After El Fasher what’s next?
Dr. Bahr Abu Qarda
I have previously written several articles about the likely outcomes if El Fasher were to fall. Now that El Fasher has fallen, I do not want at this moment to delve more deeply into those outcomes and forecasts. Rather, I want to ask how the leadership has reacted to El Fasher’s fall.
What is striking—and puzzling—is why the leadership has not yet taken urgent measures. Why have emergency meetings not been convened so far?
Perhaps the brief statement by the Chairman of the Sovereignty Council last Monday, immediately after El Fasher fell, was issued to address field necessities related to securing the troops that withdrew from El Fasher. But now, four days later, why has the leadership not held emergency sessions at all levels—beginning with the Sovereignty Council and the Council of Security and Defense—to declare mobilisation and alert, and to address the nation?

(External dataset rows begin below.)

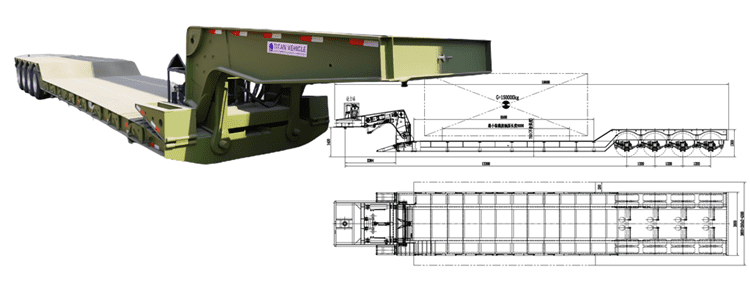 4 Axle 100 Tons Detachable Gooseneck Trailer for Sale in Tanzania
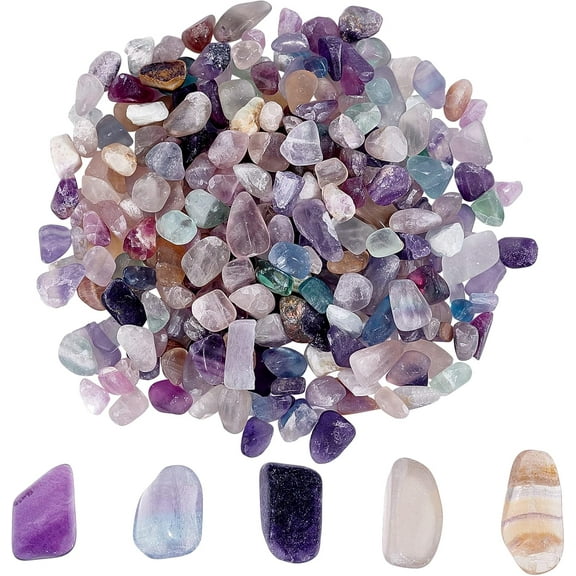 1 Box 100g Natural Fluorite Chip Gemstone Beads Healing Crystals Stone Bulk Chakra Decoration Gem Stones Rocks Charms for Jewelry Making Charms DIY Craft Bracelet Necklace Supply Accessories DIY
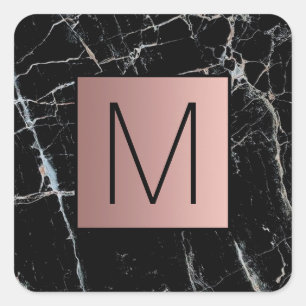 monogram rose gold on marble square sticker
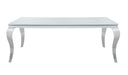 Carone Rectangular Glass Top Dining Table White and Chrome - Imperial Furniture (Las Vegas, NV) - Multi Location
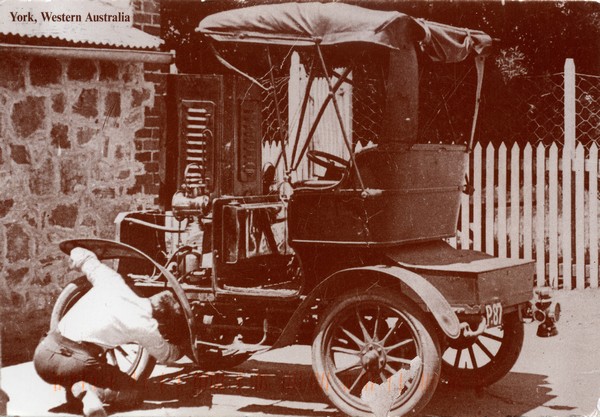 Lucius Charles Manning and car at Wilberforce, York, Western Australia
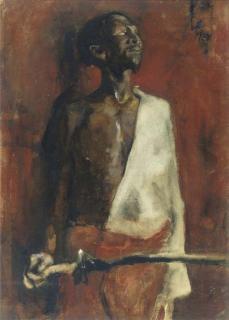 George Hendrik Breitner - Portrait of the African fighter Adolf Boutar (recto); three waspitten walking down a street (verso)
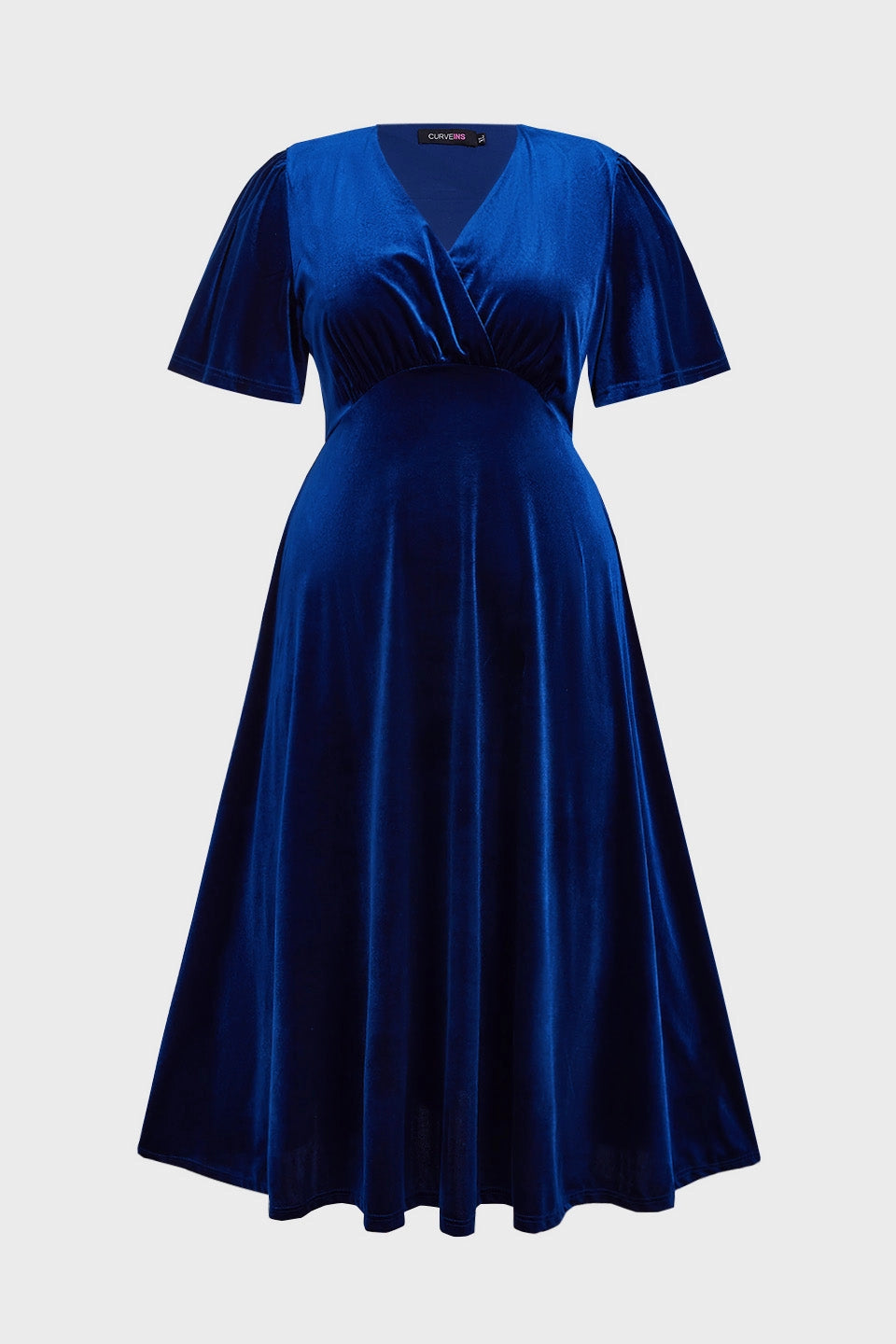 Luxurious A-Line V-Neck Short-Sleeve Solid-Back Midi-Length Plus Size Mother Of Bride Dress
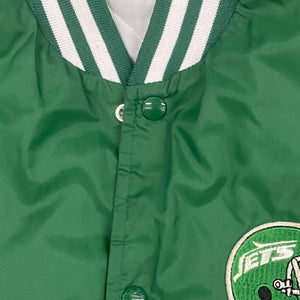 Vintage 1980s New York NY Jets Old Logo Chalk Line MATTE (not shiny) Satin Bomber Jacket - Size Men’s Large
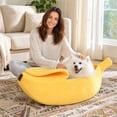thumbnail image 4 of Pet Bed for Cats & Small Dogs with Enclosed Warm Hooded Cover, Cozy Semi-Enclosed Cave Design & Soft Long-Lasting Fabric, Suitable for Indoor Sleeping, by MPOISVA, 4 of 6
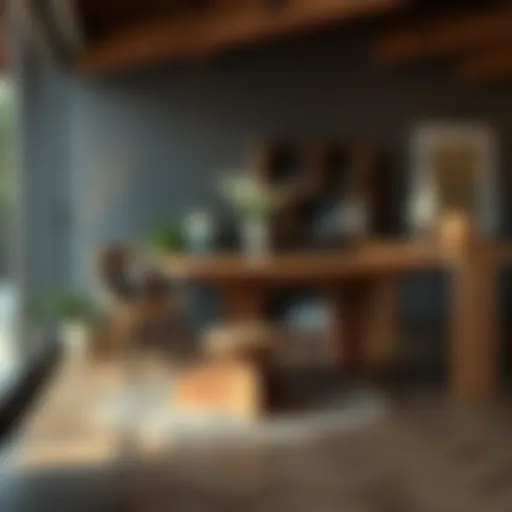 An elegant wooden table showcasing unique craftsmanship.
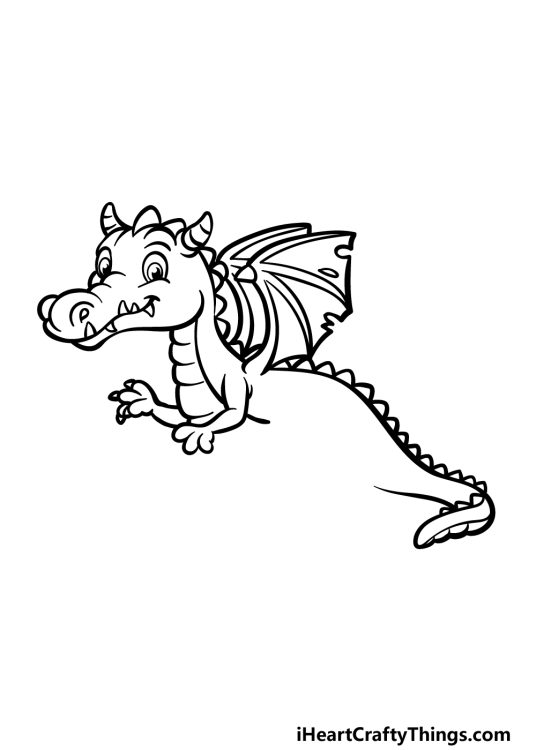 Cartoon Dragon Drawing - How To Draw A Cartoon Dragon Step By Step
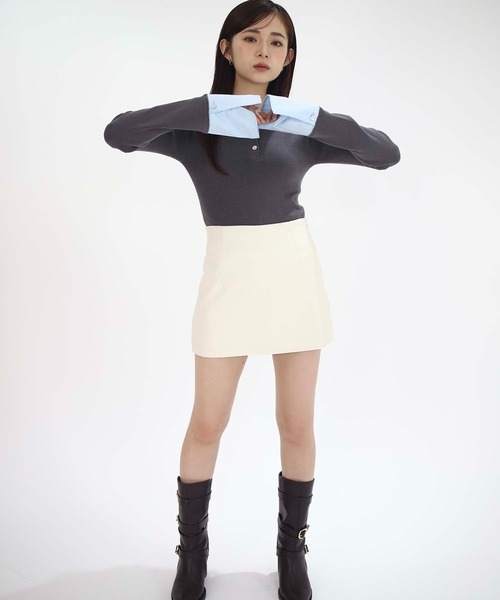 Luan（ルアン）の「【Luan】LAYERED POLO KNIT/レイヤードポロニット（ニット/セーター・レディース・ブラック/グレー・FREE）」の11枚目の写真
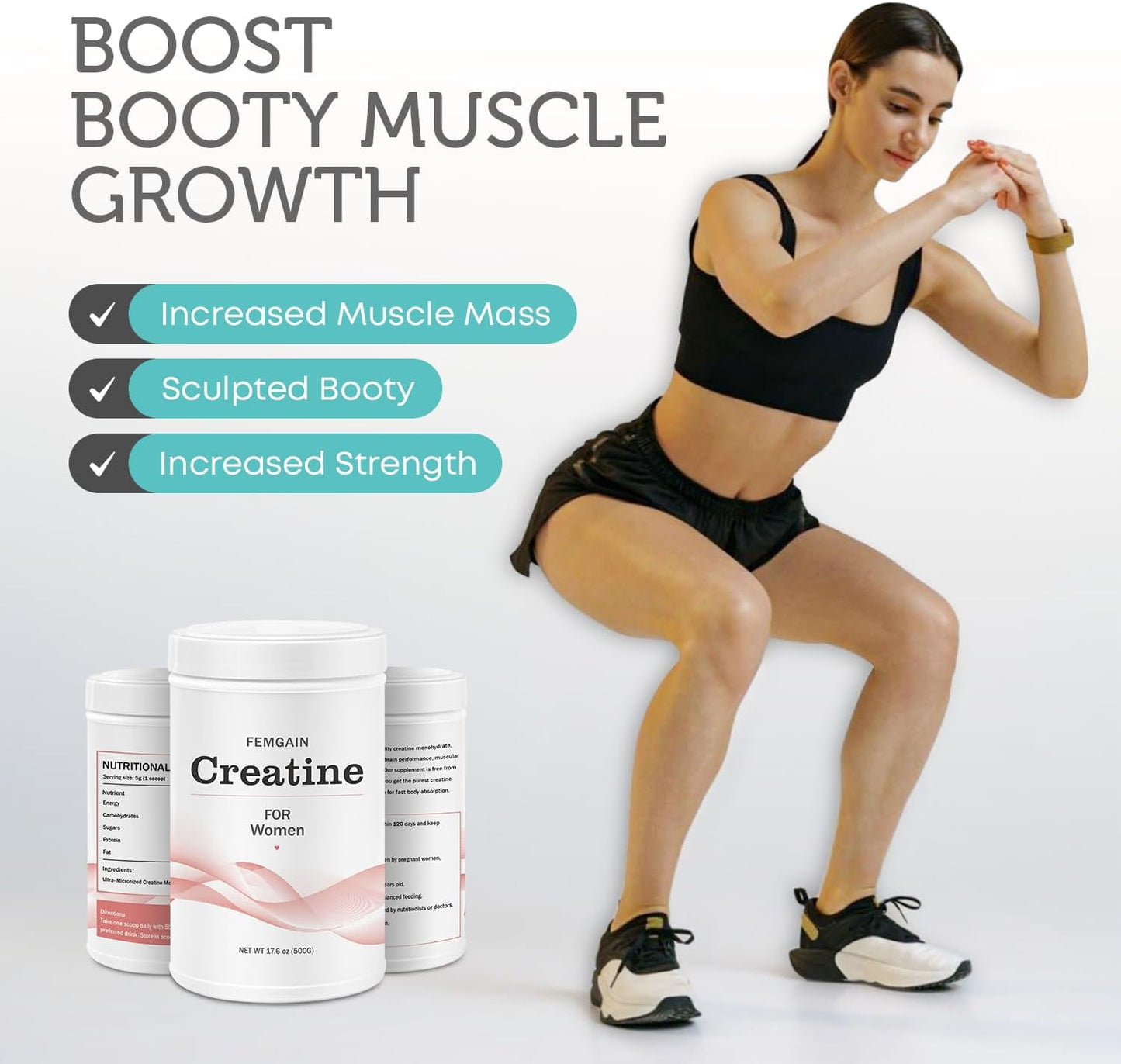 Booty Builder Creatine Powder 500g - FEMGAIN Monohydrate for Women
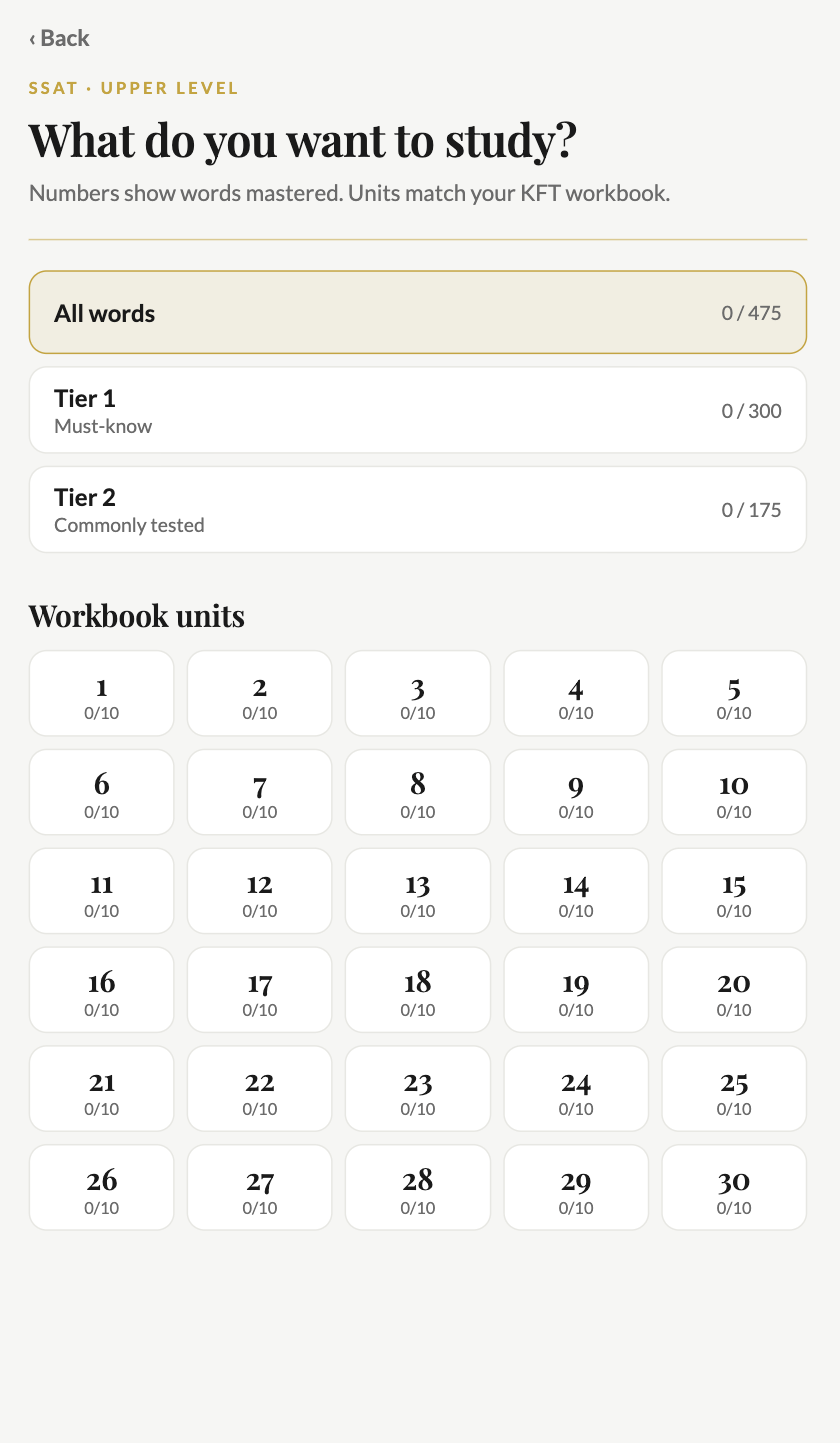 Screen for choosing all words, a tier, or one of 30 workbook units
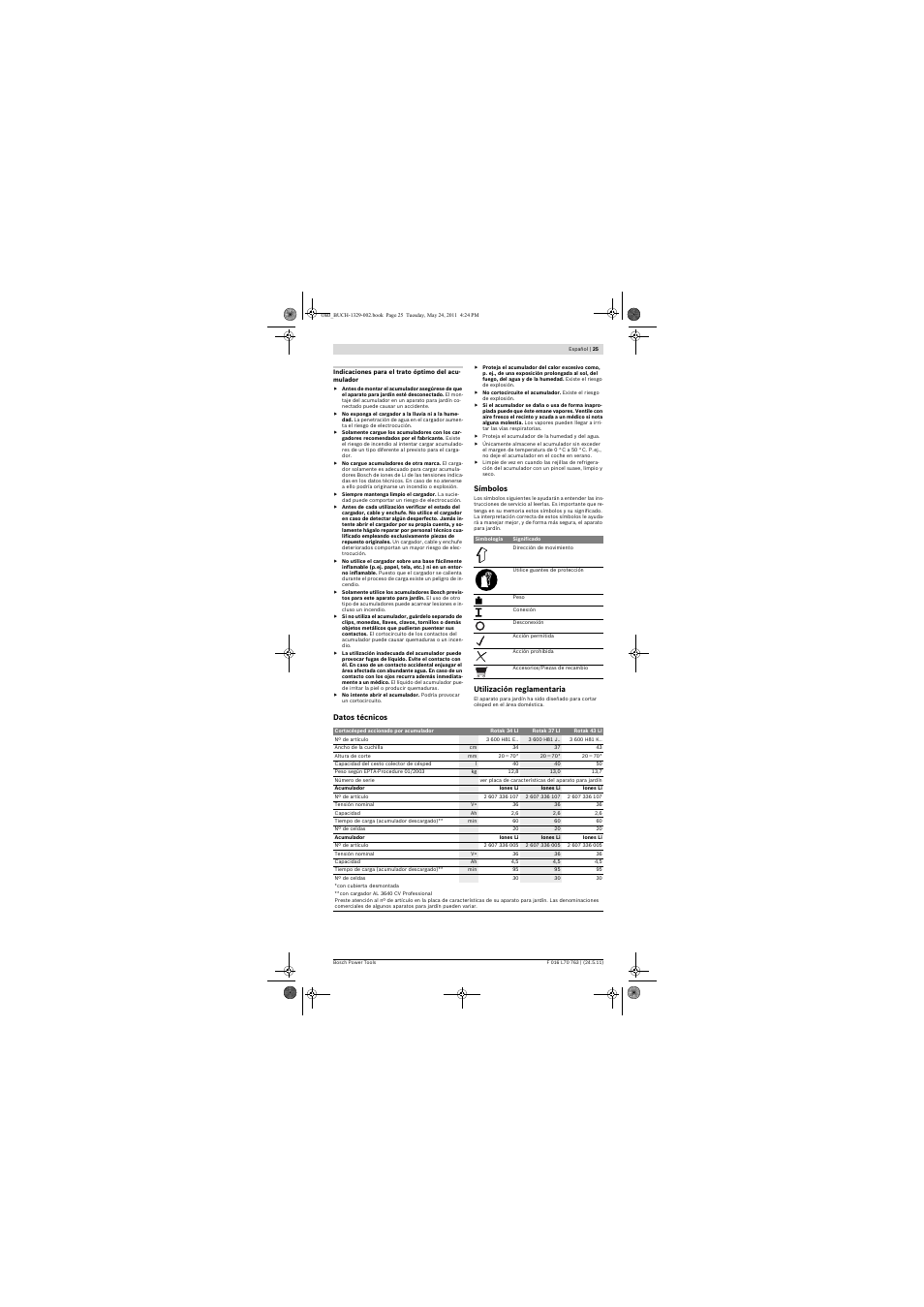 Bosch Rotak 34 LI User Manual | Page 25 / 176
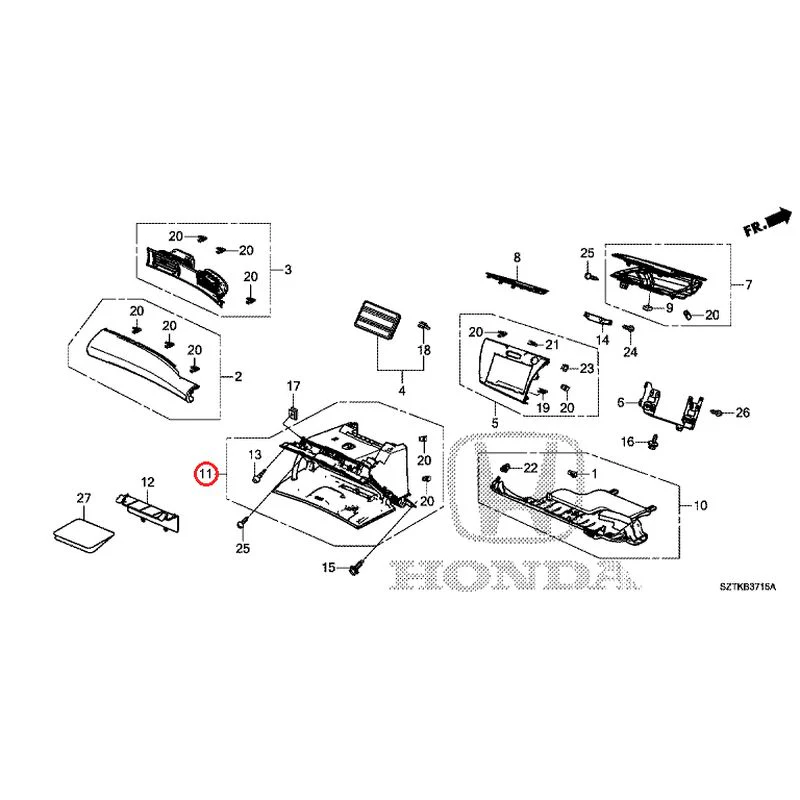 [NEW] JDM HONDA CR-Z ZF2 2014 Instrument panel garnish (passenger side) GENUINE OEM - Image 12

I hope the leadership can match the speed of events. Remember that when Libya’s Government of National Accord realised the conspiracy against it was larger than it could face alone, it promptly signed a mutual defence agreement with Turkey and salvaged what could be salvaged. Many other states have likewise acted responsibly and swiftly under comparable circumstances.
Therefore I call on the leadership to convene an urgent joint meeting of the Sovereignty Council and the Council of Security and Defense today, not tomorrow, and to take the second step—immediately after declaring mobilisation and alert—of signing a mutual defence pact with Turkey to save the country. We must understand that we are not merely fighting the Rapid Support Forces militia; if that were the case it would have been easy—having been routed in El Fasher, let alone elsewhere in the country. We are confronting a regional and international force with enormous capabilities, which is spending vast sums to mobilise, to buy loyalties, and to recruit highly trained mercenaries from across the world.
Do what I have suggested today; otherwise you will be forced to submit to the Quartet’s decisions—which are effectively the decisions of the Abu Dhabi government—and to accept what is being called the “foundational government,” the militia’s government in Darfur. You will be compelled to accept a ceasefire that will enable that militia government to prepare for the second phase of the plan laid out for the rest of Sudan.
Then you will find that the Sudanese people will not accept the Quartet’s decisions or its arrangements for the country’s future, and you will be steering the country into the unknown.
O God, I have conveyed the message; O God, bear witness.